Consequently, the US market provides duty-free access
to substantial exports from sub-Saharan Africa.
Lesotho,
as the first of the BLNS countries, the second in SACU
and the fifth of the 35 sub-Saharan African countries
to qualify for the enhanced benefits under AGOA,
became eligible on the 23rd of April 2001. Its exports
have since enjoyed duty-free access into the US
market. The export-led economic growth strategy has
been promoted with an emphasis on manufacturing
sub-sector which has seen great growth levels in
textiles and clothing. These exports grew from 16 per
cent of GDP in 2000 to 30.6 per cent in 2003. Of
course, the positive spill-over effects from this are
many, and range from: Export growth, GDP growth,
improvement in employment levels, and improvement in
foreign exchange earnings, to mention a few. The
increase in employment from 21 886 in December 2000 to
51 160 in December 2003 underscores the improvement
due to AGOA benefits. As a result, this sector is the
biggest employer in the country. The contribution of
the manufacturing sector is truly significant because
it accounts for around 20 percent of GDP. Since AGOA
appears to be doing so well why negotiate a FTA?

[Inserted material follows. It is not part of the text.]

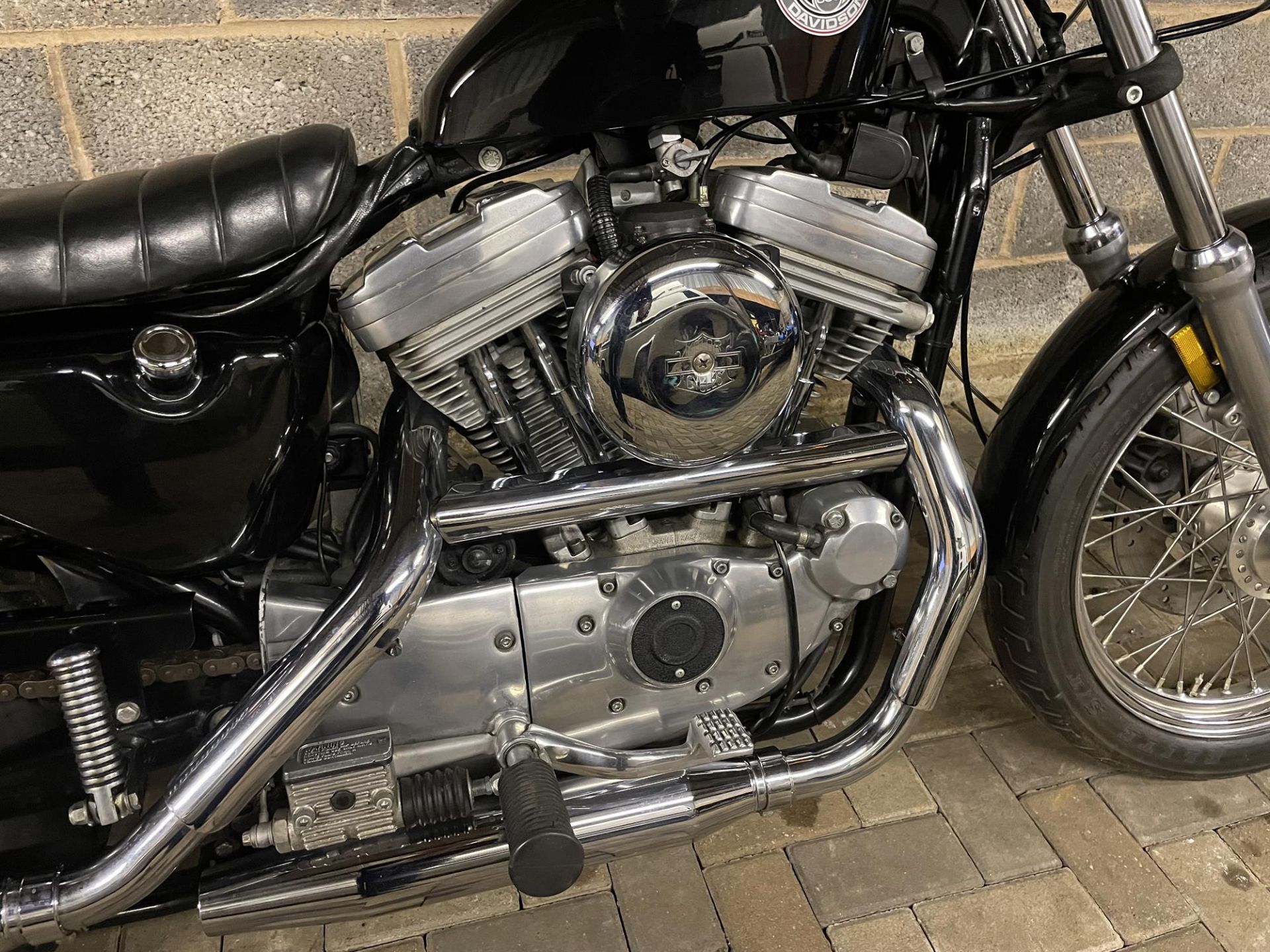 1989 Harley Davidson 883 Sportster 883cc - Image 3 of 10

The Rationale for the SACU-US FTA Strategy
Obviously, AGOA will expire in 2015 and its
reinstatement cannot be definitely ascertained, nor
can it be ascertained that all SACU members would be
eligible in subsequent initiatives. Thus the benefits
that accrue from this arrangement may soon disappear.

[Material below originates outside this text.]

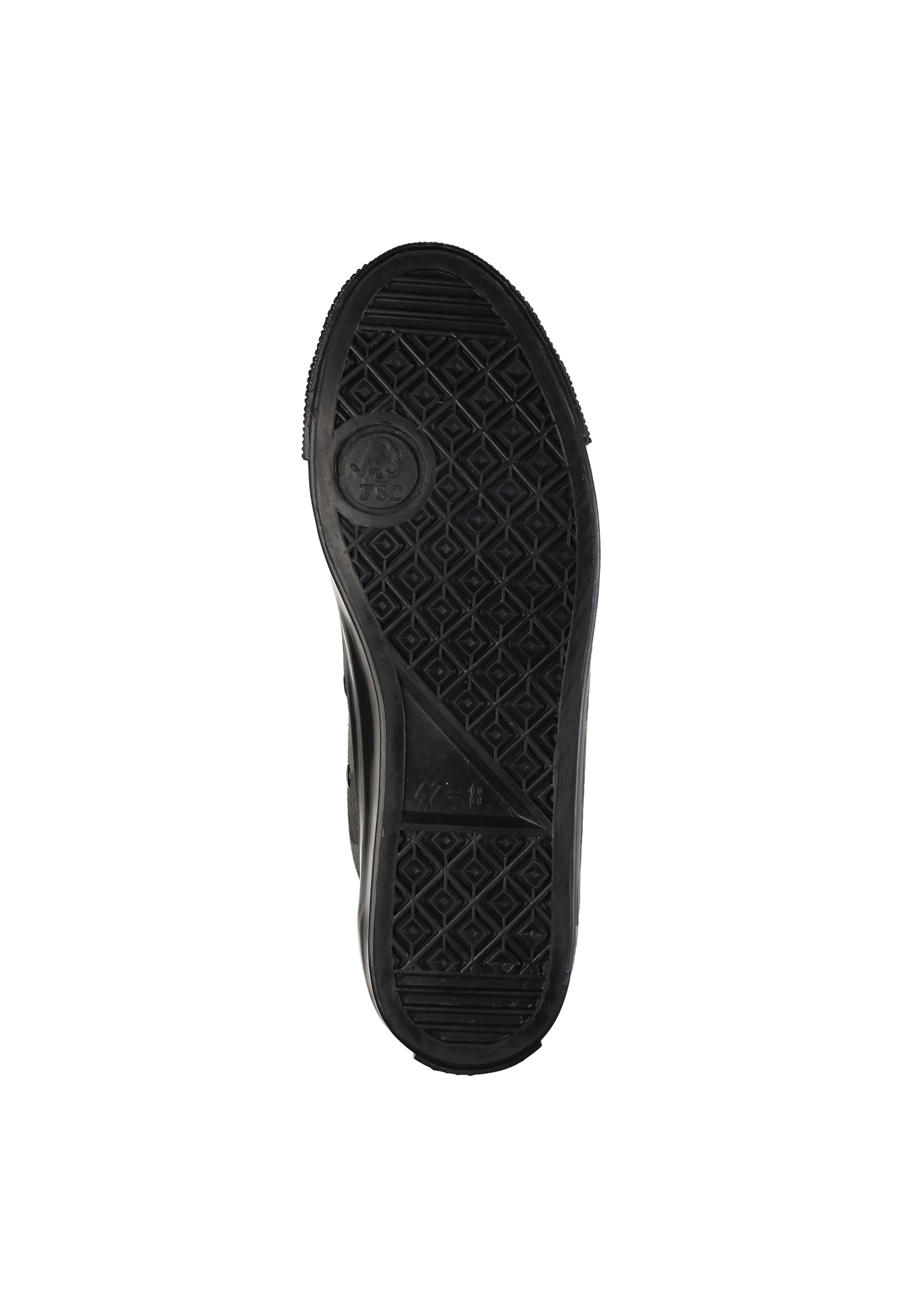 ETHLETIC Sneaker »Black Cap Lo Cut«, Fairtrade Produkt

This dictates to the government to look for long-term
trade opportunities with sustainable benefits, and
this justifies the rationale behind the negotiations
for a FTA. A FTA is a trading arrangement under which
member states agree to eliminate all tariffs, and
non-tariff barriers to trade in commodities produced
within the area. However, members maintain independent
commercial policies with respect to non-members. AGOA
has demonstrated that there is a huge trade potential
for growth in SACU-US trade links. Hence, a FTA would
continue to exploit this potential. The envisaged FTA
arrangement with the US is expected to have several
advantages for SACU.
The major
advantage is that it will provide a more stable
framework under which long-term commercial relations
between SACU and the US would flourish. The final
agreement on these talks may bolster confidence in the
SACU economies and investors would be able to make
commitments over a longer horizon. Second, it would
enable members of a FTA to expand market access for
wider variety of products and encourage greater
foreign direct investment. Third, a FTA would also
promote regional economic integration and growth and
cement trade as one of the leading economic
development strategies for SACU countries. Lastly, the
success of a FTA would be permanent unlike AGOA, and
would, as a result, help to stem the unacceptable use
of domestic industries, as a launch pad for
speculative investors who want easy access into
lucrative markets, such as the US.
The main
benefit for the US is that, this envisaged FTA would
ensure a move from one-way trade preferences as under
AGOA, to full partnership through a reciprocal free
trade agreement. SACU as a block presents good
opportunities for the US as it is the oldest customs
union in Africa (tried and tested). Currently SACU is
the largest market for US machinery, vehicles,
aircraft, medical instruments, plastics, chemicals,
cereals, pharmaceuticals, wood and paper products, in
Sub-Saharan Africa. The total US exports into SACU
were estimated at US$2.5 billion in 2002. Secondly, a
FTA would further level out the playing field in areas
where US exporters are disadvantaged by the European
Union’s free trade agreement with South Africa.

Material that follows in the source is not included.